Cranberry Pecan Wild Rice Pilaf is a delicious one pot seasoned rice dish with dried cranberries and chopped pecans.
This wild rice pilaf is one of the most delicious rice dishes I have ever had. Its such a great side dish, and is perfect for a holiday dinner, or just a dinner in with the family that you want to spruce up a little.
The rice is packed full of flavor, because of the chicken broth and apple juice you cook it in, instead of just using water. Its seasoned with butter, salt and pepper, oregano and rosemary too. And then you’ll mix in some cranberries and pecans at the end. The pecans taste extra good when they’ve been toasted.
Its one of my favorite type of dishes, because its made in one pot, which means easy clean up, and is ready in about 50 minutes, but you only need to spend about 5 minutes of that actually in the kitchen. Most of that time the rice is just simmering, and cooking, you just need to check on it occasionally to make sure the liquid doesn’t fully dry up or else the rice will burn to the pan.
- 1 1/2 cups chicken broth
- 1 1/2 cups apple juice (100% juice)
- 2 TBS butter
- 1/2 tsp salt
- 1/2 tsp pepper
- 1/2 tsp dried oregano
- 1 tsp chopped fresh rosemary (or dried)
- 1 cup wild rice blend
- 1/2 cup dried cranberries
- 1/2 cup chopped pecans
- 1 TBS apple cider vinegar
- Combine chicken broth, apple juice, butter, salt, pepper, oregano, and rosemary in a large nonstick pot. Bring to a boil over medium heat.

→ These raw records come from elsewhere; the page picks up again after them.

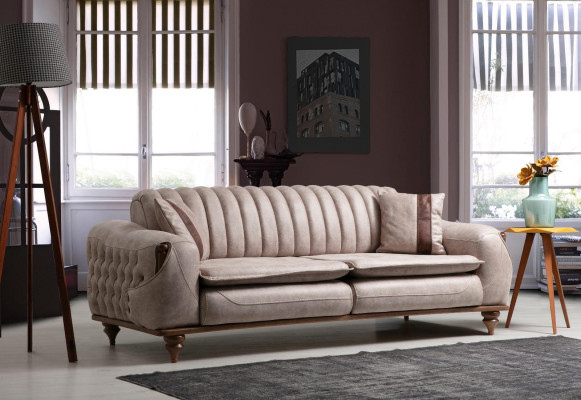 Beigu trīsvietīgais Chesterfield dīvāns Polster mēbeles Tekstil Couchen Audums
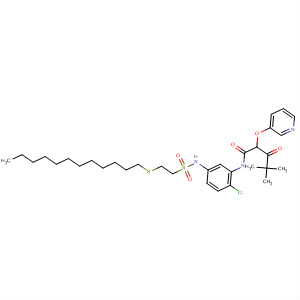 90704-43-1  Pentanamide,N-[2-chloro-5-[[[2-(dodecylthio)ethyl]sulfonyl]amino]phenyl]-4,4-dimethyl-3-oxo-2-(3-pyridinyloxy)-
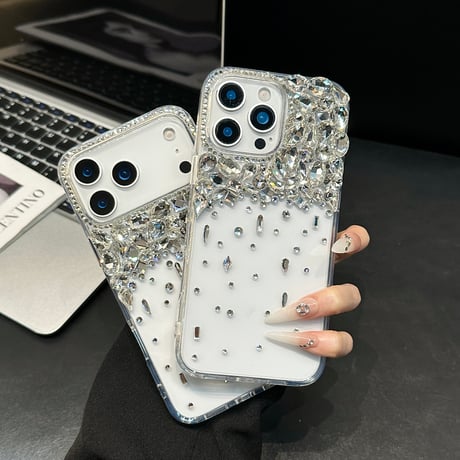 ダイヤデコ iPhone17Pro/17ケース キラキラ感 高透明 iPhone17ProMax/16Pro/15カバー 存在感抜群 きれい [M5898]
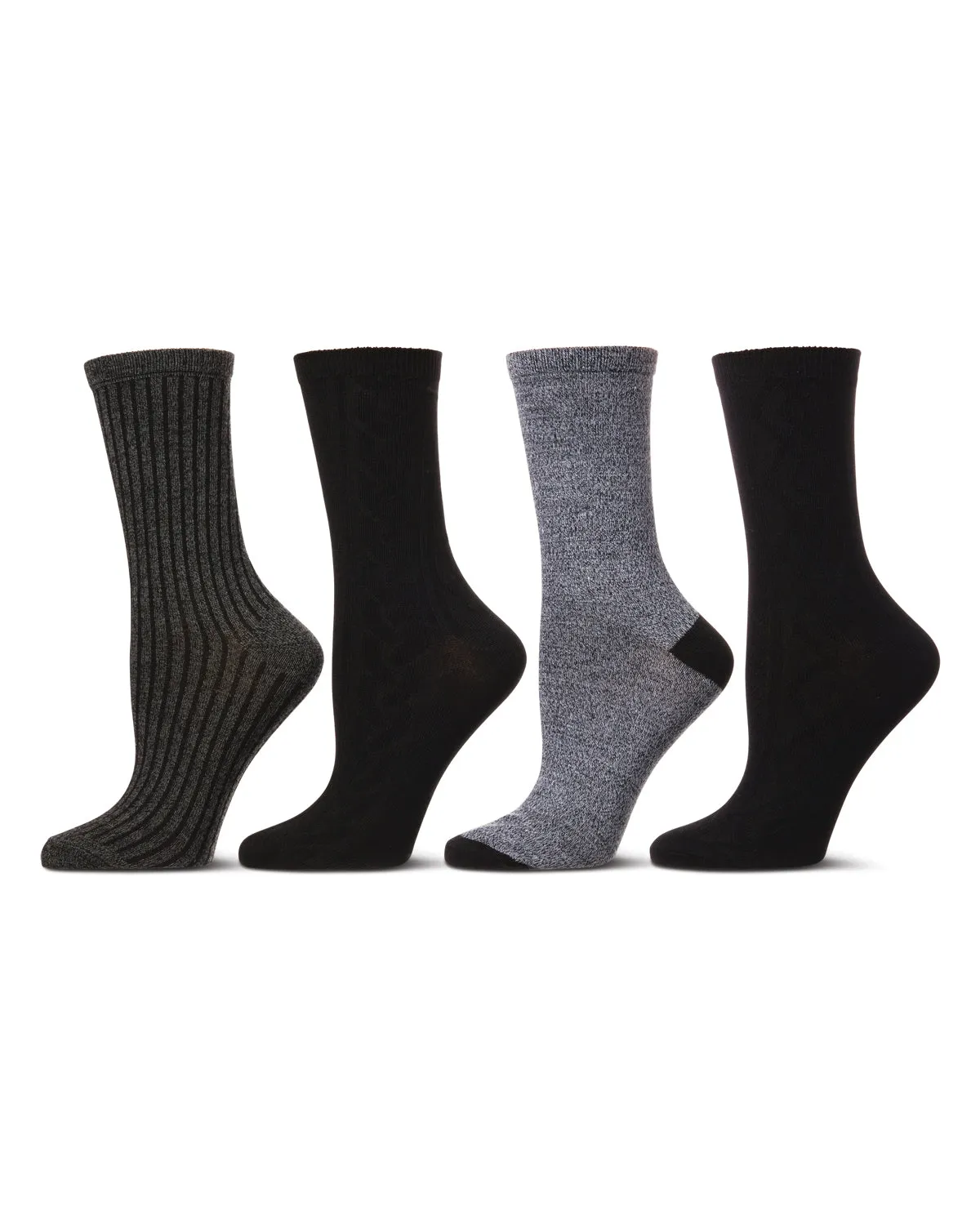 Women's 4 Pair Pack Textured Buttersoft Crew Socks sold by MeMoi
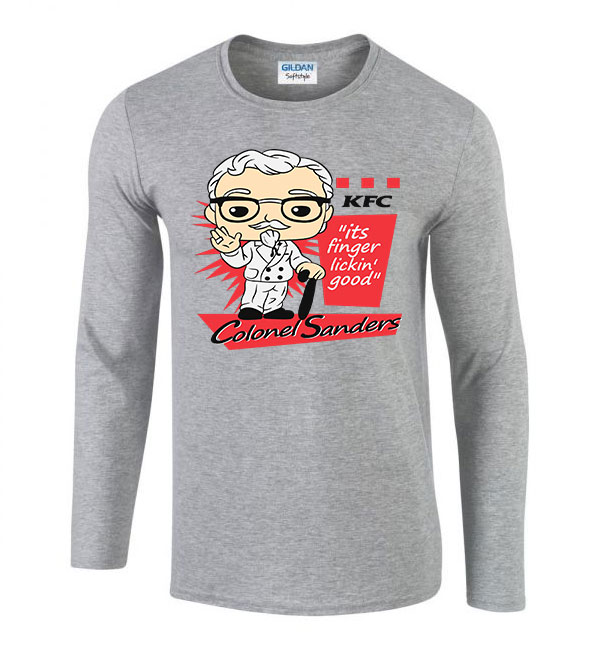 kft colonel sanders Sportszürke Férfi Hosszú Ujjú Póló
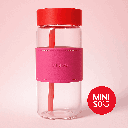 Solid Color Series 2.0 High Borosllcate Glass Tumbler With Handle (470ML)(Rosy) Miniso
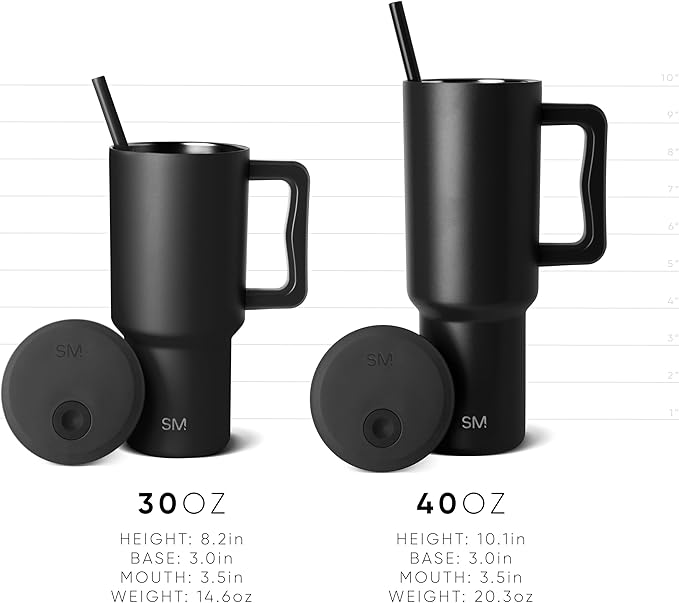 Simple Modern 40 oz Trek Tumbler with Handle and Straw Lid | Cup Holder Friendly Insulated Stainless Steel Travel Mug | Slumberland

- Add rice and cover, reducing the heat to low. Simmer for about 45 minutes, until rice is tender. Check occasionally to add more liquid if necessary.
- Once cooked, drain any extra liquid out. Fluff rice with a fork.
- Add cranberries and pecans to the rice. Add apple cider vinegar. Toss everything evenly to combine.
- Season with more salt and pepper, if desired.